The beat Bonham plays on “Fool In The Rain” is a variation of the “Purdie Shuffle,” named after its creator, legendary session drummer Bernard Purdie. It’s a skittering, syncopated pattern, first popularized on the Steely Dan album track “Home At Last” and since copied by everyone from Toto to Death Cab For Cutie. It requires proper feel, perfectly placed grace notes, and true technical skill. In other words, it’s incredibly hard to play. And Bonzo doesn’t just pull it off. He absolutely crushes it.


During the recording sessions for In Through The Out Door, John Bonham was abusing both alcohol and heroin. (The former was, sadly, par for the course; the latter definitely wasn’t.) He was two years away from drinking himself to death. I have no idea how he delivered his “Fool In The Rain” performance under those conditions. But I’m insanely glad it exists. Somehow, Bonham managed to convey all the grace and finesse the “Purdie Shuffle” demands, without sacrificing an ounce of his piledriving force. Hearing his isolated drum track is like watching a rhino don ballet slippers and dance Swan Lake. You can’t quite believe it’s happening—even as it’s happening.


“Fool In The Rain” peaked at #21 on the Hot 100, making it one of the band’s biggest singles in America. Officially, the song ranks fifth: trailing “Whole Lotta Love,” “Immigrant Song,” “Black Dog,” and the aforementioned “D’yer Mak’er,” but ahead of other Zep classics like “Rock And Roll” and “Over The Hills And Far Away.” (Can we all agree to end the common misconception that “Led Zeppelin never released singles” once and for all? Please?) And yet, for large sections of the fanbase, “Fool In The Rain” remains as polarizing as its parent album.

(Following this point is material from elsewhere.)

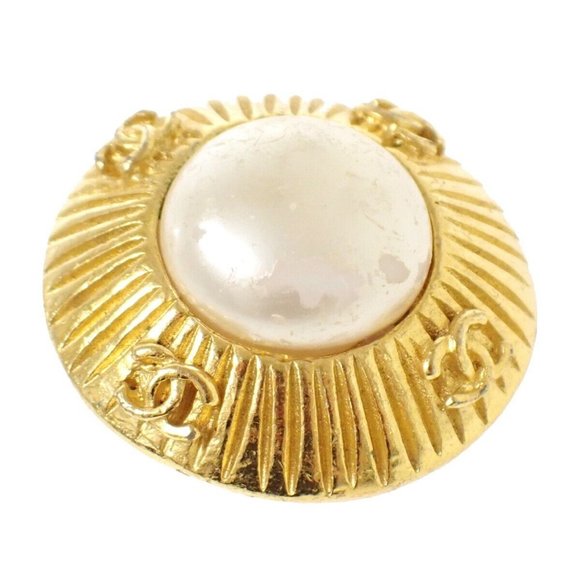 CHANEL CC Imitation Pearl Round Button Earrings Clip-On GHW Vintage - Picture 4 of 10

Some argue it’s one of the best songs the quartet ever made; others label it the worst kind of sellout.


Personally, I understand the criticisms while also soundly rejecting them. “Fool In The Rain” might not be an all-time track, but on the other hand, everything about the song—its sense of adventure, its willingness to travel far outside the expected hard-rock norms—reminds me why I fell in love with this band in the first place. That freewheeling spirit is what gave Zeppelin their magic; it’s also what made their unique alchemy impossible to replicate. The Eighties would soon be overrun with dozens of hair-metal acts trying their best, strip-mining Zeppelin’s surface layer for parts while engaging in various forms of slavish hero worship. But the real thing, in all its crazy, complicated glory? That was already long gone.


GRADE: 9/10


BONUS BITS: Here’s the legendary Mexican rock group Maná paying ultimate tribute to a band of British blues hounds by offering up a Spanish-language version of “Fool In The Rain” (“Tonto En La Lluvia”) that barely changes a note, yet still translates seamlessly. Recorded for the 1995 compilation Encomium: A Tribute To Led Zeppelin, Maná’s track somehow missed the cut before being added to later pressings. (In hindsight, they should’ve used this and dropped that awful 4 Non Blondes cover instead.)